With respect to the applicable statute of limitations, the District Court noted that the State was seeking a deficiency payment from Temple-Inland for each year from 1986 to 2002 — more than 6 years past the date a report was or should have been filed. In order to do so, the District Court confirmed that the State “must show they fit within the ‘at any time’ exception of Section 1158.” It noted that the State did not claim that Temple-Inland filed false or fraudulent reports.
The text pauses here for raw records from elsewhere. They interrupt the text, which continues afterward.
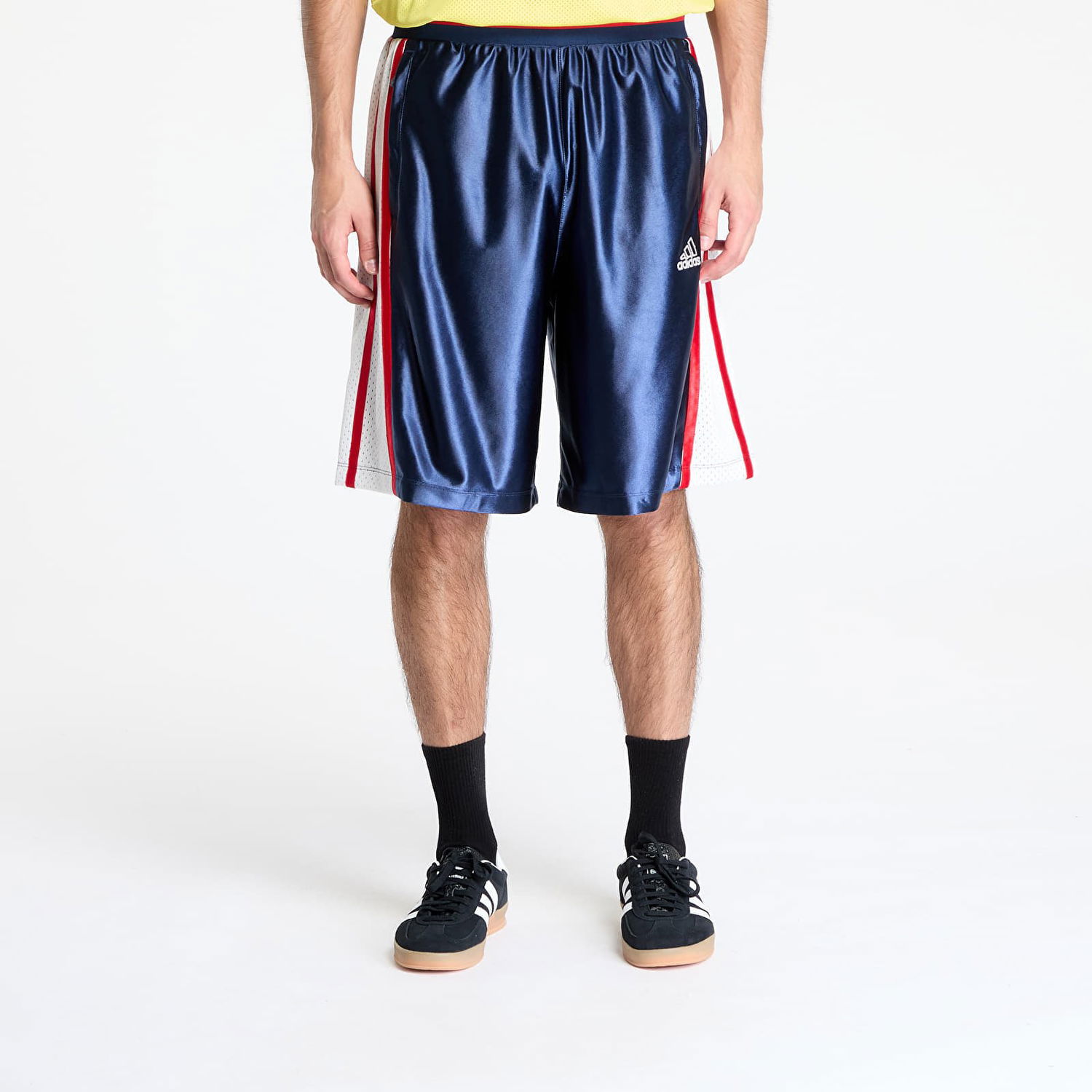 Šortky adidas Originals Cutline Shorts Navy | JD5408, 0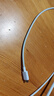 公牛（BULL）安卓/TYPE-C 6A快充数据线/USB-C/1.5M/适用华为/小米/vivo/OPPO 实拍图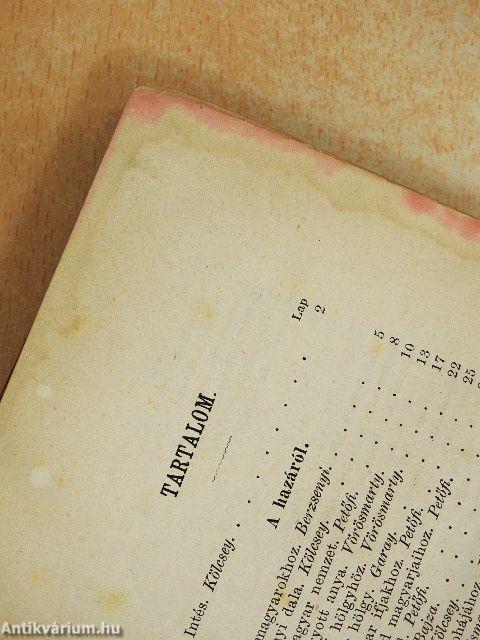 Nemzeti dalkönyvecske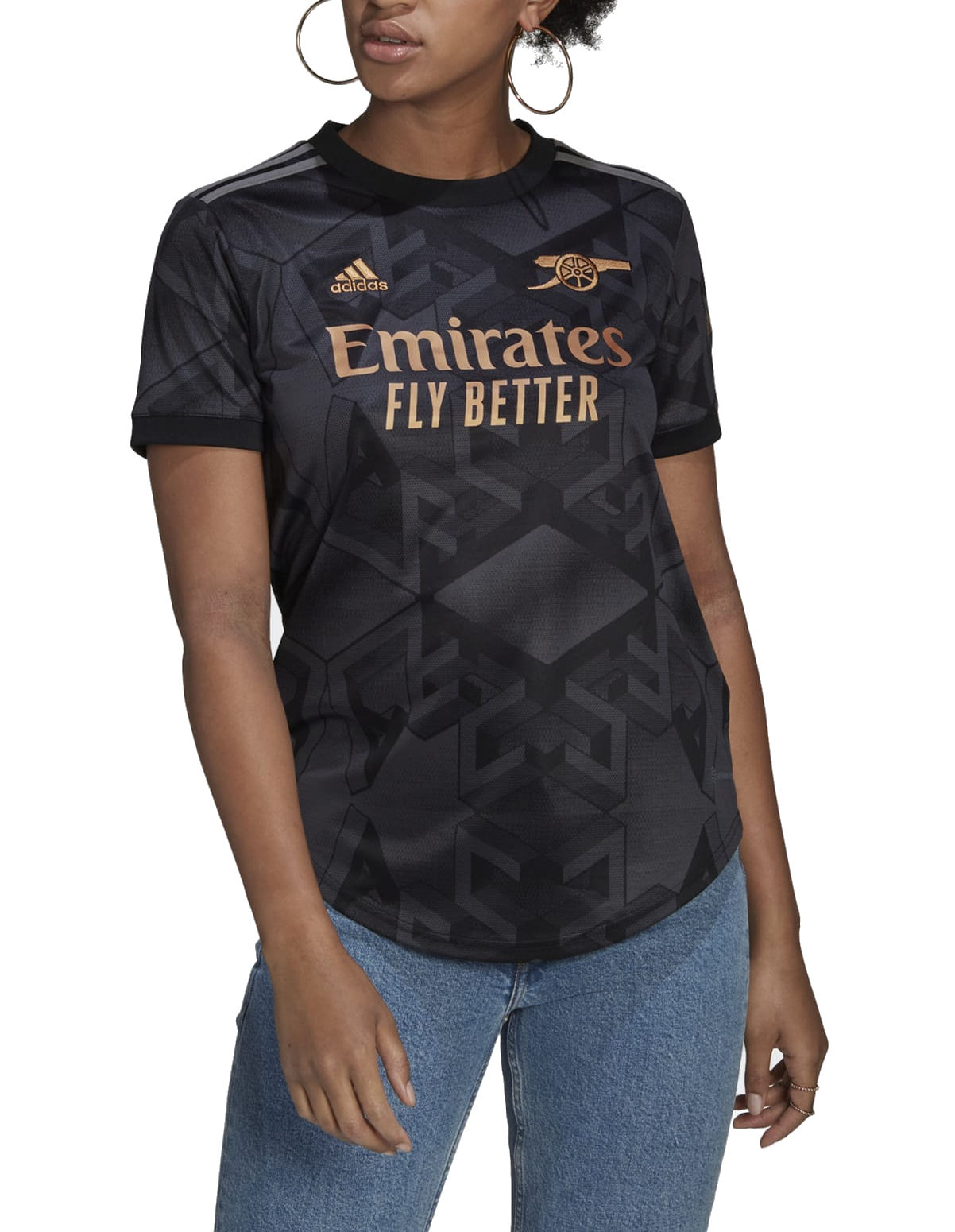Bluza adidas AFC A JSY W 2022/23
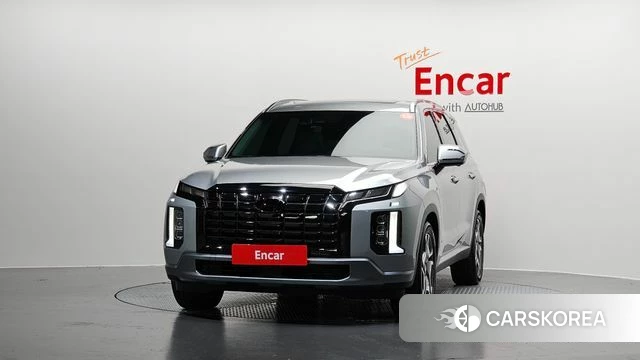 Hyundai The New Palisade id 4414263 из Кореи 23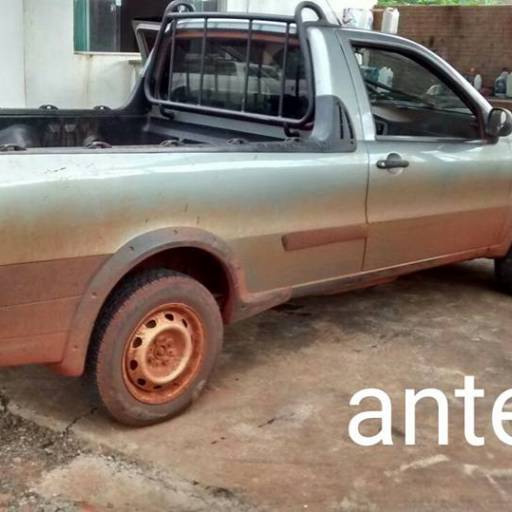 Lavagem por Lava Rápido Nogueira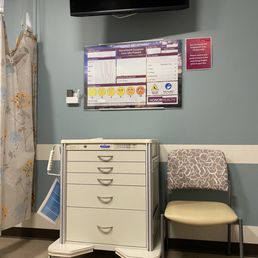 Patient room Patient room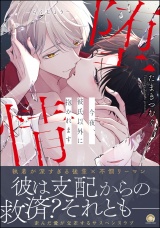 堕情 今夜、彼氏以外に抱かれます 【かきおろし漫画付】 パッケージ画像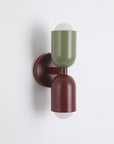 Morandi Design LED Wall Light Metal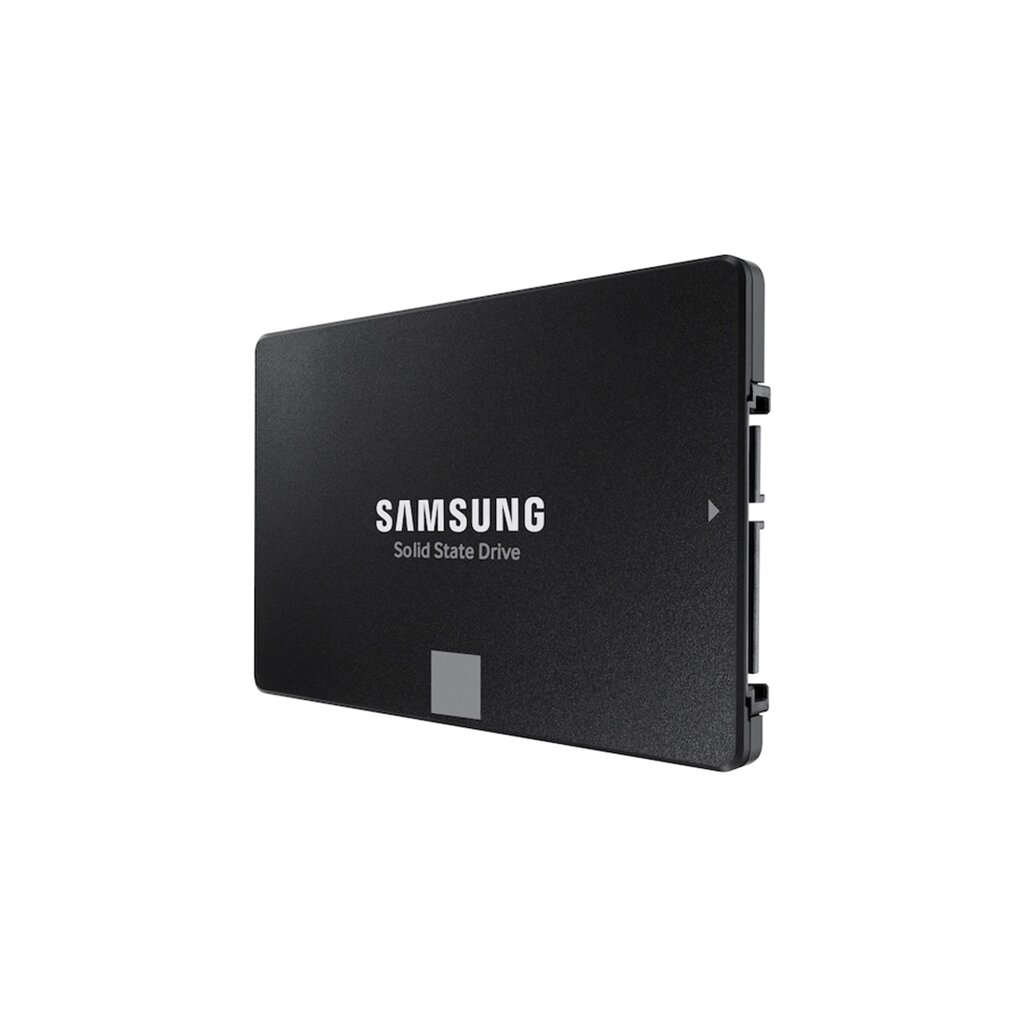 Твердотельный накопитель SSD Samsung 870 EVO 250 ГБ SATA 2.5" от компании icopy - фото 1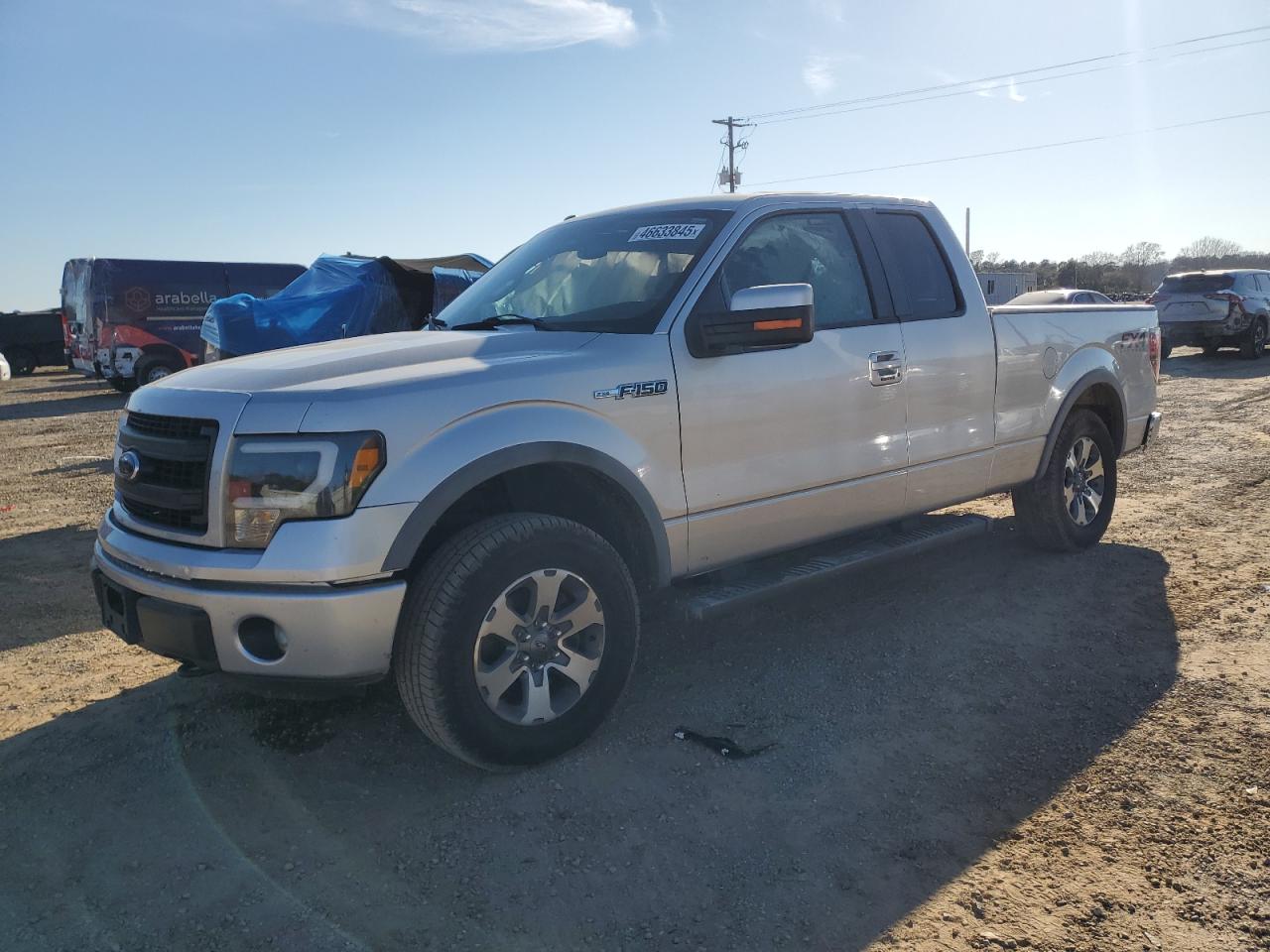 2014 Ford F-150 - Image 1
Rather, the State assumed that Temple-Inland had unclaimed property but filed no report, ignoring that Temple-Inland may have had no unclaimed property or filed a report but it cannot be proven because the copies were lost or destroyed.

The District Court thereafter concluded that “a reasonable estimation of a holders’ unclaimed property liability is not an unconstitutional taking,” and that “a balancing of the Mendoza-Martinez factors weighs overwhelmingly in favor of the conclusion that Section 1155 does not have a criminally punitive purpose or effect” and, “as a matter of law, [Temple-Inland] has not stated a claim that [the State’s] application of Section 1155 violates the ex post facto clause.”

Interesting facts noted by the District Court include:

  • “Unclaimed property is Delaware’s third largest revenue source, making it a ‘vital element’ in the state’s operating budget.”
  • “The difference between the amount collected by the state and the amount returned to owners shows that a large percentage of unclaimed property revenue remains with the state.”
  • “[I]n 2007, approximately $364.9 million in unclaimed property went to the state’s general fund… [A]round that same time, no more than $20 million was returned to owners.”
  • “In 2014, that number jumped to around $100 million, because Delaware’s Department of Finance ‘started doing a better job processing claims.'”
  • “[A]n estimated 90% of the unclaimed property collected by Delaware is owner/address unknown property.”
  • “Historically, Delaware has never received more than 14,000 unclaimed property reports a year, yet over 680,000 entities are incorporated in the state.”
  • “Delaware has long known that holders’ low level of compliance is not due to ‘willful noncompliance,’ but a lack of awareness of reporting obligations.”
  • “[A] ‘significant portion’ of Delaware’s unclaimed property revenue comes from its enforcement activities.”

It remains to be seen whether the State will appeal this decision. Nonetheless, this decisions serves as an important reminder that all companies should carefully considered whether they are holding property that belongs to another and, if they are, whether they are required to report and remit the property to one or more states to avoid running afoul of the states’ unclaimed property law.